Structural basis for the substrate specificity of Helix pomatia AMP deaminase and a chimeric ADGF adenosine deaminase.

Helix pomatia AMP deaminase (HPAMPD), an enzyme enriched in the foot muscle of the mollusk H. pomatia, exhibits deaminase activity on adenosine-5'-monophosphate (AMP). HPAMPD is the first member of the adenosine deaminase-related growth factor (ADGF) family to prefer the nucleotide AMP over the nucleoside adenosine. To investigate the substrate selectivity of HPAMPD, we determined its structure in both the apo form and in complex with the adenosine analogs pentostatin and pentostatin-5'-monophosphate. Structurally, HPAMPD adopts a fold similar to human ADA2, an ADGF family member. HPAMPD has acquired the ability to interact with the 5'-monophosphate group of AMP through polar and charged residues located in three key structural elements: (1) the loop immediately following strand β1; (2) the loop between helices αH and αI; and (3) the end of strand β5 and its adjacent loop.
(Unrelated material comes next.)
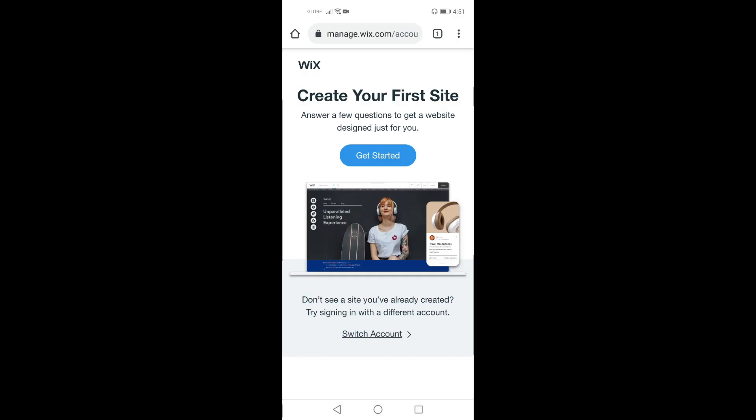Good day everyone, this is Sir Carl. Here is another tutorial video in Empowerment Technologies subject. In this video you are going to learn how to create a website in Wix using your phone.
We engineered a chimeric deaminase by integrating these elements from HPAMPD into another related mollusk nucleoside adenosine deaminase, Aplysia ADGF. The chimeric enzyme efficiently deaminates AMP, demonstrating a gained substrate specificity, while retaining the adenosine deamination activity of Aplysia ADGF. The phosphate-binding feature of HPAMPD is a hallmark of nucleotide deaminases, conserved among AMP and N6-methyl-AMP (6mAMP) deaminases. We discuss the human adenosine deaminases each with distinct substrate specificities for the nucleoside, the nucleotide (AMP), and its methylated form, 6mAMP.